PROBLEM DESCRIPTION: Could you copy exactly the lines below from the one with "achat maison bergerac 24100" to the one with "Μπικίνι Triumph1", inclusive, leaving out any pictures?

SOURCE INFORMATION:
*****

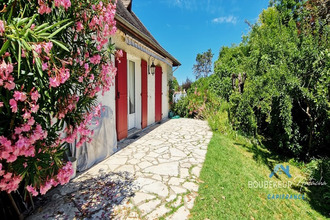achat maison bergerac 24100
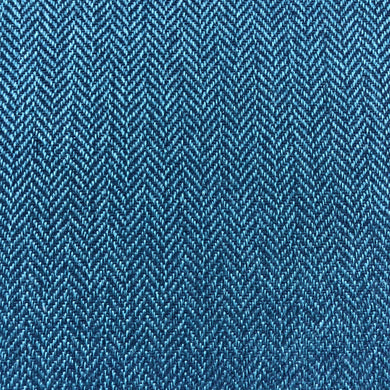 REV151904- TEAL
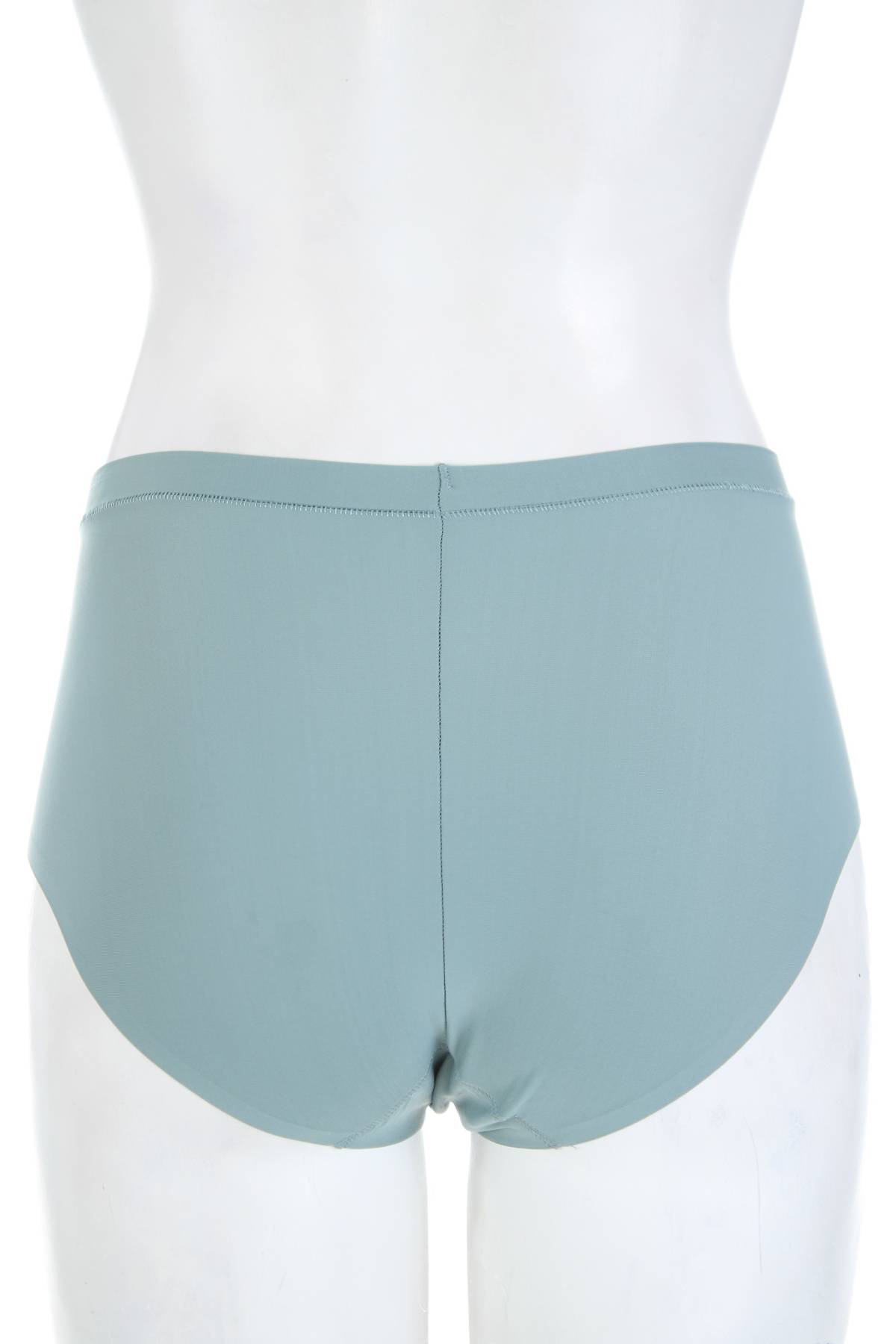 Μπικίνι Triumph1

*****

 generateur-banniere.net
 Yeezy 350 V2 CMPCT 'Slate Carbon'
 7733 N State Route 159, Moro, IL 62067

*****

THE COMPLETED TASK:
achat maison bergerac 24100
 REV151904- TEAL
 Μπικίνι Triumph1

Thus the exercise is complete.